BEGIN Records for this exercise

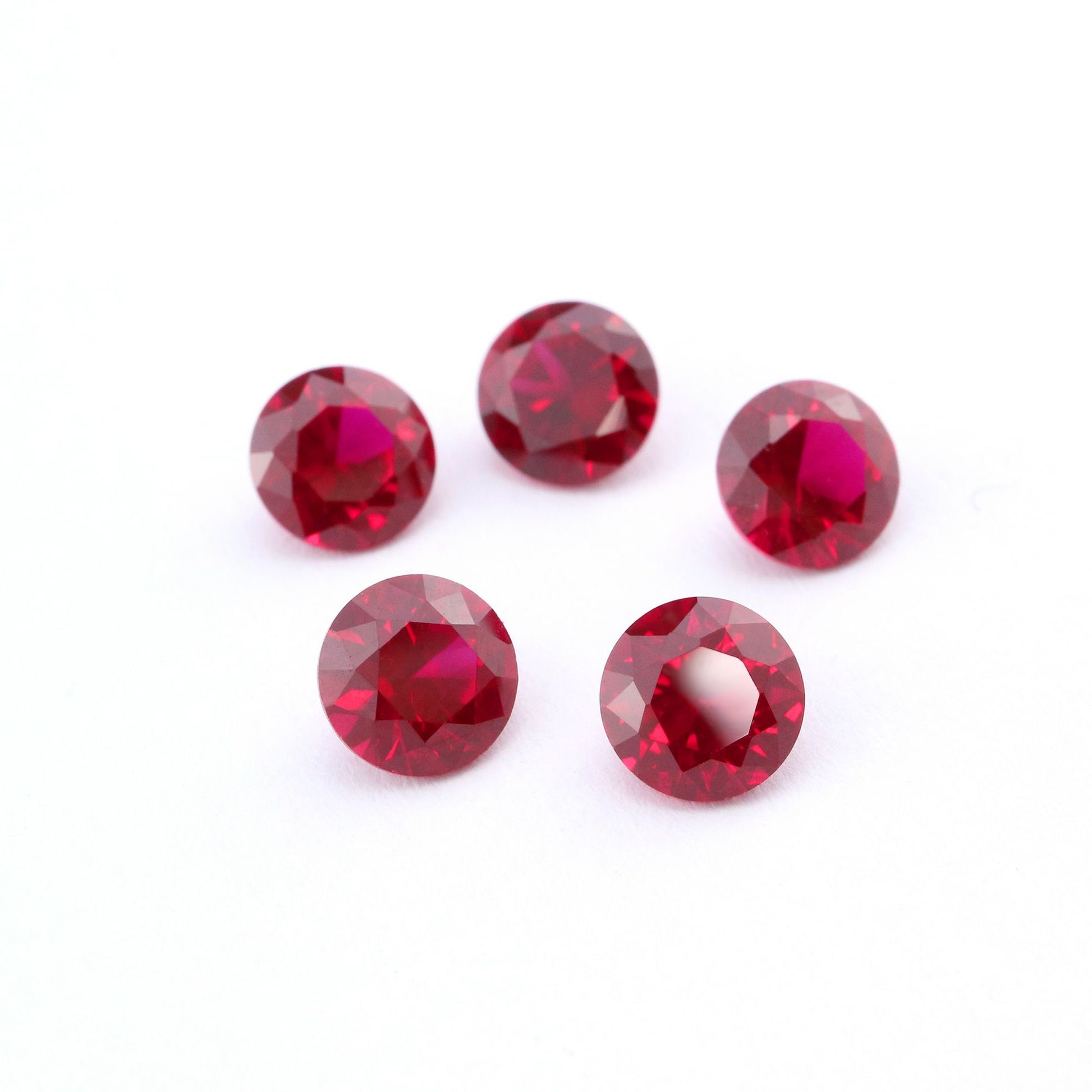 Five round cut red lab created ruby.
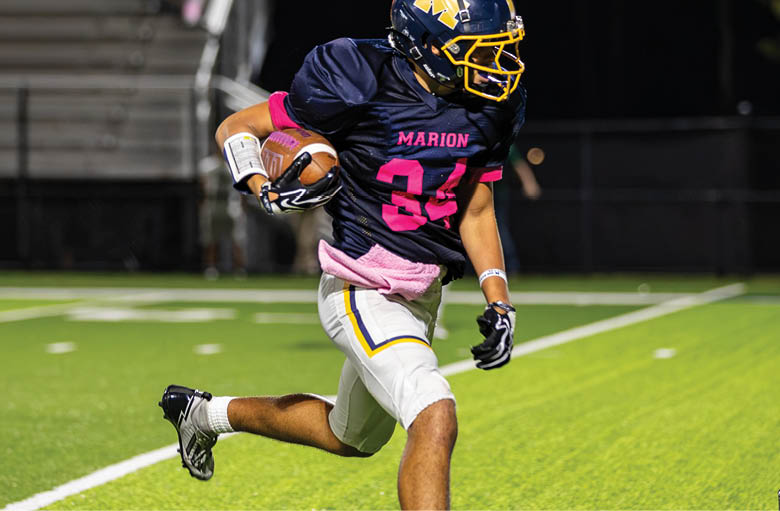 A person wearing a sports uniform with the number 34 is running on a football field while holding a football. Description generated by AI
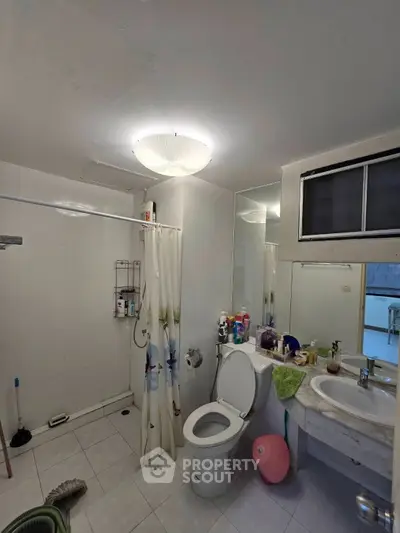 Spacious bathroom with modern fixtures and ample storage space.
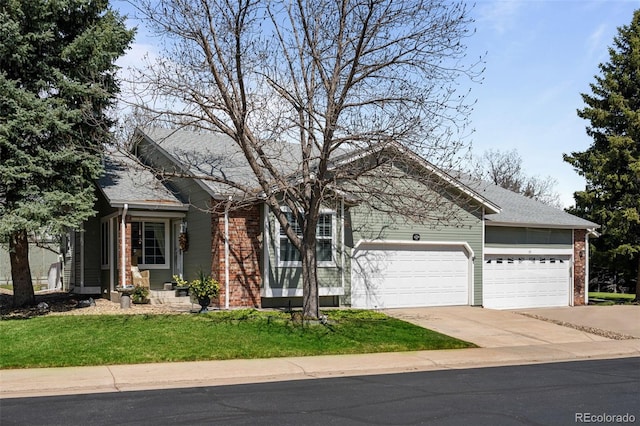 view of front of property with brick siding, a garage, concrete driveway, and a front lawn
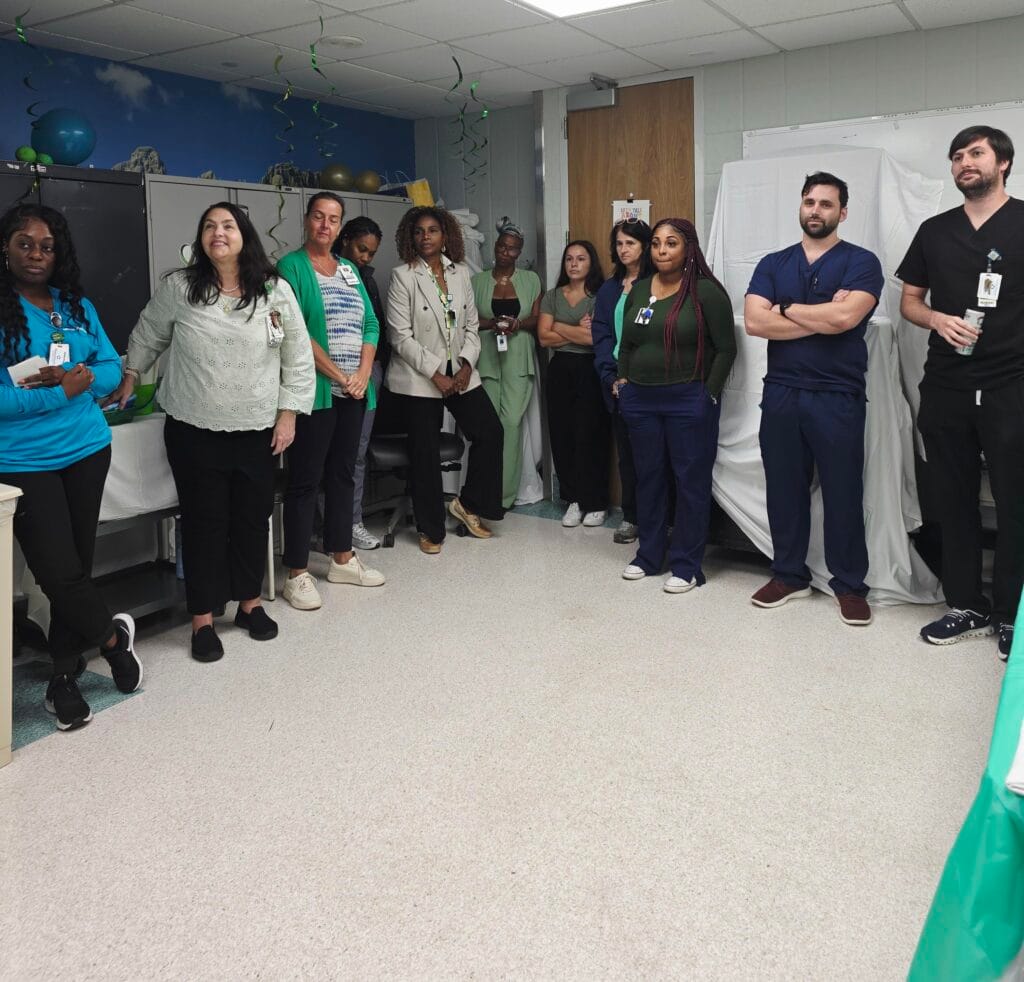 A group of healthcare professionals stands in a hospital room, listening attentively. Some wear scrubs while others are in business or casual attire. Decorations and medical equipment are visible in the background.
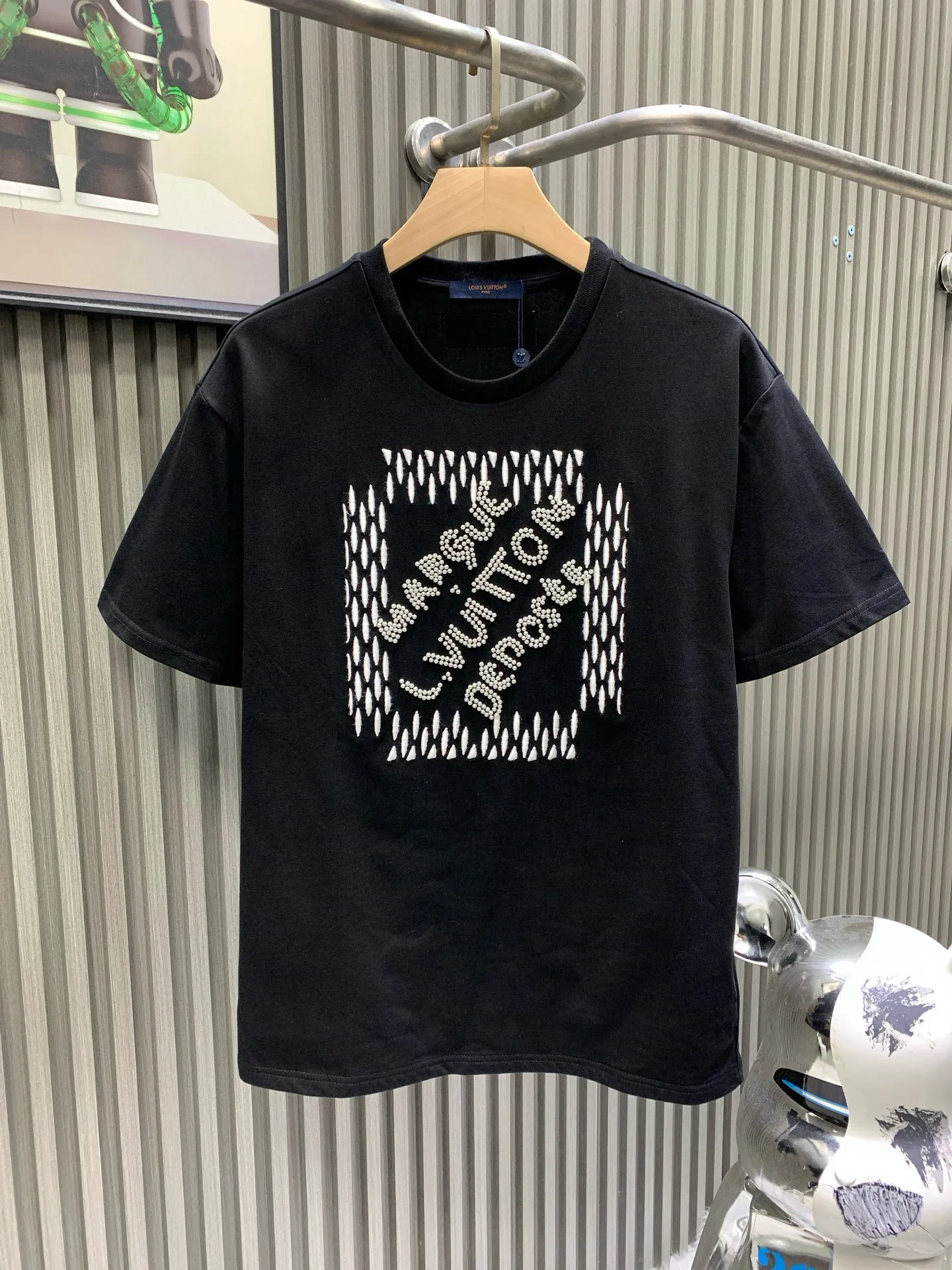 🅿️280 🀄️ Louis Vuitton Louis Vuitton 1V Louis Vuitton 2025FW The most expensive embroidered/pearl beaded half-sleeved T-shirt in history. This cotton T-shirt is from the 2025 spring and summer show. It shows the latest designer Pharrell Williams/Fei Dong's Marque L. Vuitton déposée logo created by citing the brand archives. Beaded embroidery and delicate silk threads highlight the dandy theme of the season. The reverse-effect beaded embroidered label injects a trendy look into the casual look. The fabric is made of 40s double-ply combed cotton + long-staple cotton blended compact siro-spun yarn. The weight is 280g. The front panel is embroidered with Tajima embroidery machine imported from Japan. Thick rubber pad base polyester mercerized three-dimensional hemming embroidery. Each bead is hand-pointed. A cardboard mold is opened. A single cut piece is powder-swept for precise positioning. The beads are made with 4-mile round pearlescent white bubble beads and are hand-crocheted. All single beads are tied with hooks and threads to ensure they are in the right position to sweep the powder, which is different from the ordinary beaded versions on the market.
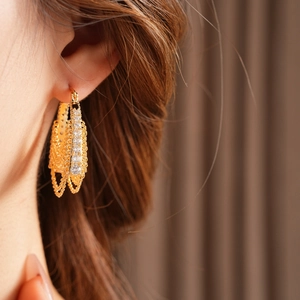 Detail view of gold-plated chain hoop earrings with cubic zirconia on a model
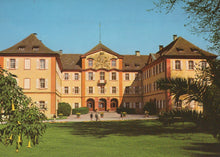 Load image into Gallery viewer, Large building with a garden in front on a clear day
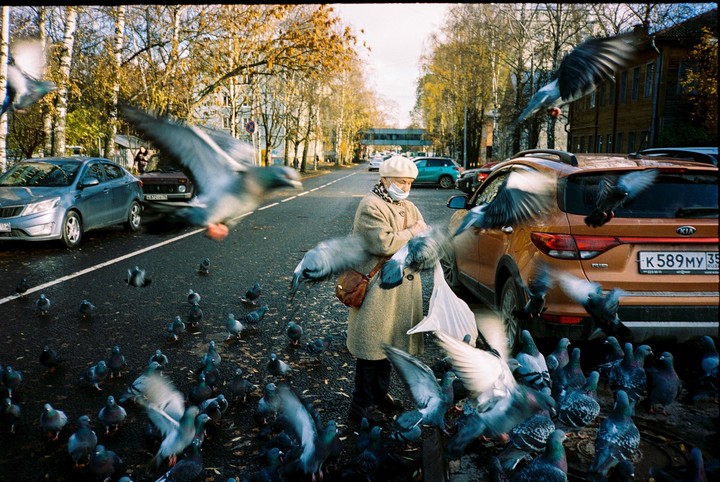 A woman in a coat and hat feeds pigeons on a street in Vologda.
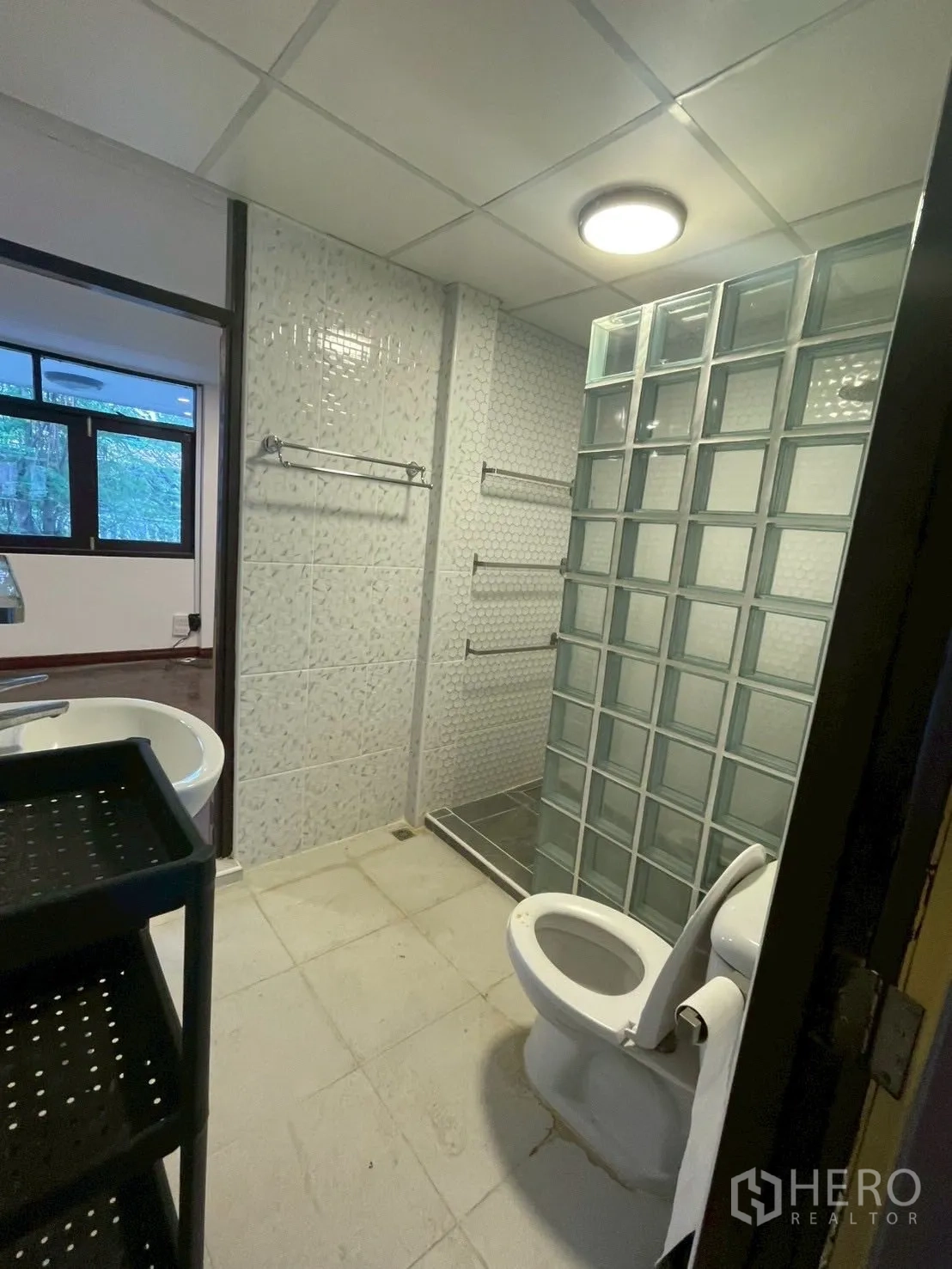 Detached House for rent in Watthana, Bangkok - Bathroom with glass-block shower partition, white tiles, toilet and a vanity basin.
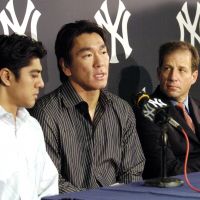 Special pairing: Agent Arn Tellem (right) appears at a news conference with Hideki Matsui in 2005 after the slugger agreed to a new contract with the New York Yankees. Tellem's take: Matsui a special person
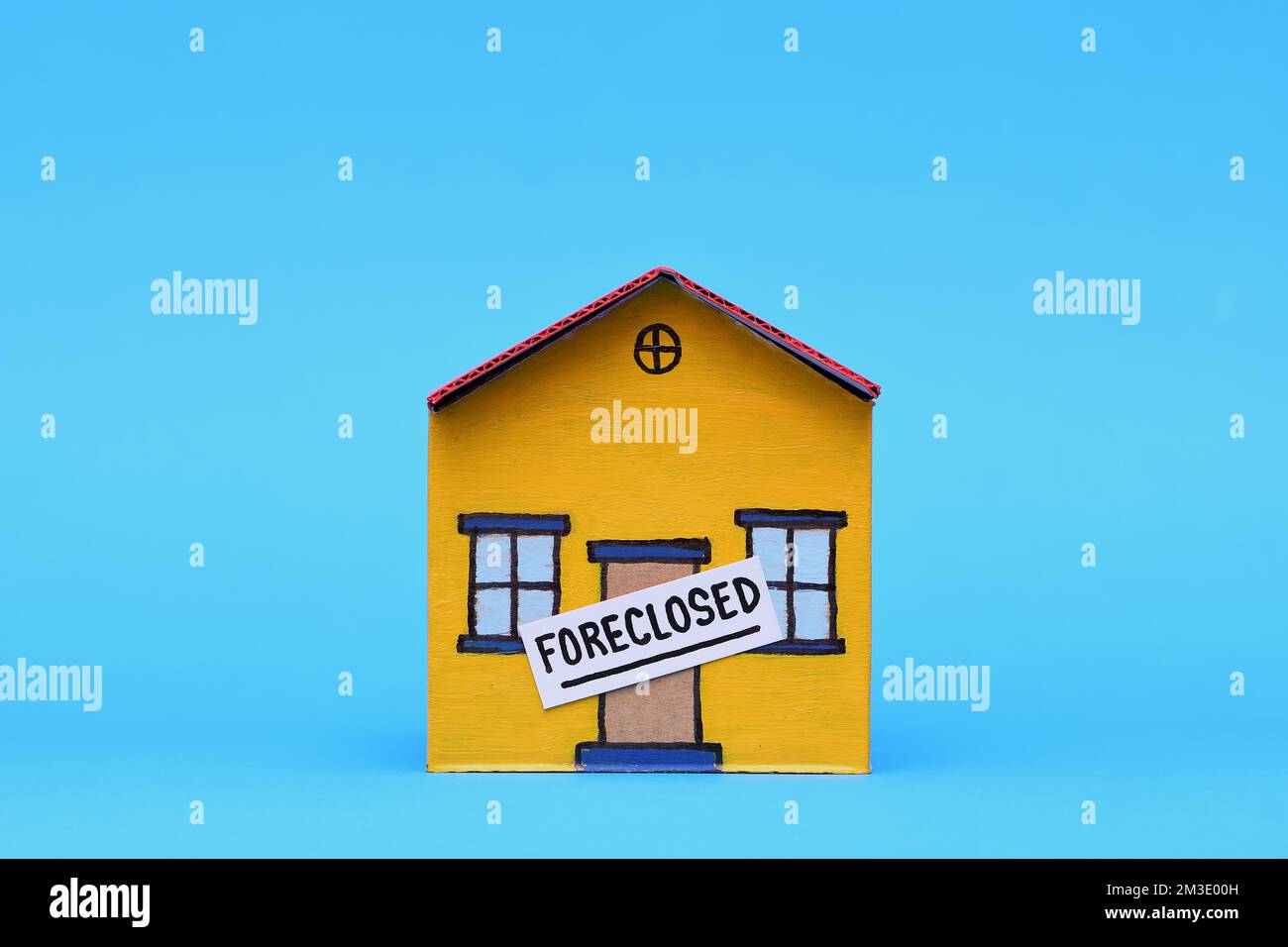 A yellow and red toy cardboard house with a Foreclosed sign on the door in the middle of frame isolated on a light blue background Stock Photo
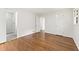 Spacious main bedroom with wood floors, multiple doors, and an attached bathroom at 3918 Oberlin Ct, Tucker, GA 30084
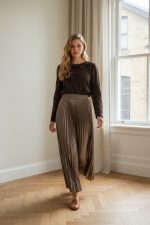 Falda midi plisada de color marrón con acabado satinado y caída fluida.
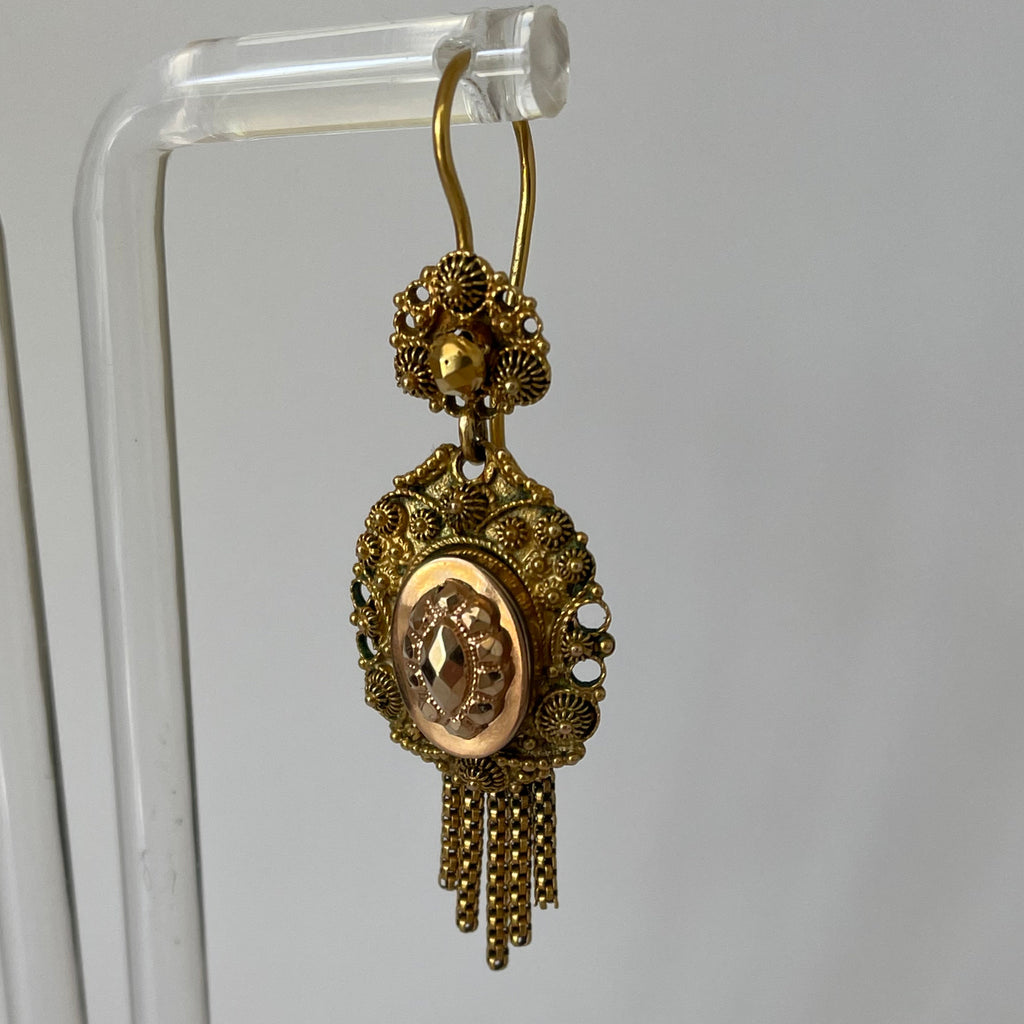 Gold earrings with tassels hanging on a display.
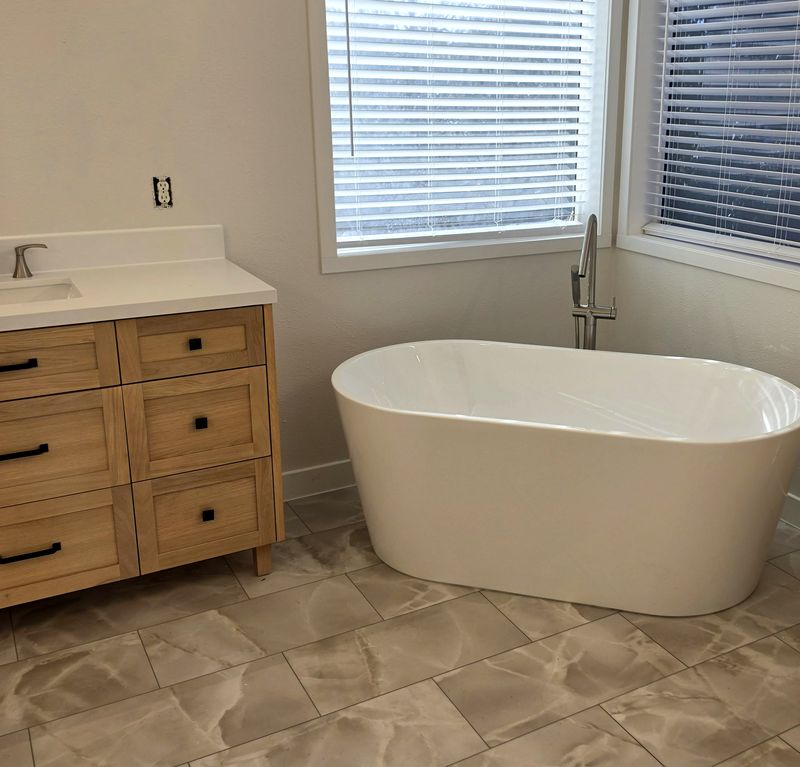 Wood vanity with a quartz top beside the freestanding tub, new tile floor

END Records for this exercise

#### Work required:
What you give back must match the material above exactly, minus its pictures.

#### Task output:
 Five round cut red lab created ruby.
 A person wearing a sports uniform with the number 34 is running on a football field while holding a football. Description generated by AI
 Spacious bathroom with modern fixtures and ample storage space.
 view of front of property with brick siding, a garage, concrete driveway, and a front lawn
 A group of healthcare professionals stands in a hospital room, listening attentively. Some wear scrubs while others are in business or casual attire. Decorations and medical equipment are visible in the background.
 🅿️280 🀄️ Louis Vuitton Louis Vuitton 1V Louis Vuitton 2025FW The most expensive embroidered/pearl beaded half-sleeved T-shirt in history. This cotton T-shirt is from the 2025 spring and summer show. It shows the latest designer Pharrell Williams/Fei Dong's Marque L. Vuitton déposée logo created by citing the brand archives. Beaded embroidery and delicate silk threads highlight the dandy theme of the season. The reverse-effect beaded embroidered label injects a trendy look into the casual look. The fabric is made of 40s double-ply combed cotton + long-staple cotton blended compact siro-spun yarn. The weight is 280g. The front panel is embroidered with Tajima embroidery machine imported from Japan. Thick rubber pad base polyester mercerized three-dimensional hemming embroidery. Each bead is hand-pointed. A cardboard mold is opened. A single cut piece is powder-swept for precise positioning. The beads are made with 4-mile round pearlescent white bubble beads and are hand-crocheted. All single beads are tied with hooks and threads to ensure they are in the right position to sweep the powder, which is different from the ordinary beaded versions on the market.
 Detail view of gold-plated chain hoop earrings with cubic zirconia on a model
 Load image into Gallery viewer, Large building with a garden in front on a clear day
 A woman in a coat and hat feeds pigeons on a street in Vologda.
 Detached House for rent in Watthana, Bangkok - Bathroom with glass-block shower partition, white tiles, toilet and a vanity basin.
 Special pairing: Agent Arn Tellem (right) appears at a news conference with Hideki Matsui in 2005 after the slugger agreed to a new contract with the New York Yankees. Tellem's take: Matsui a special person
 A yellow and red toy cardboard house with a Foreclosed sign on the door in the middle of frame isolated on a light blue background Stock Photo
 Spacious main bedroom with wood floors, multiple doors, and an attached bathroom at 3918 Oberlin Ct, Tucker, GA 30084
 Falda midi plisada de color marrón con acabado satinado y caída fluida.
 Gold earrings with tassels hanging on a display.
 Wood vanity with a quartz top beside the freestanding tub, new tile floor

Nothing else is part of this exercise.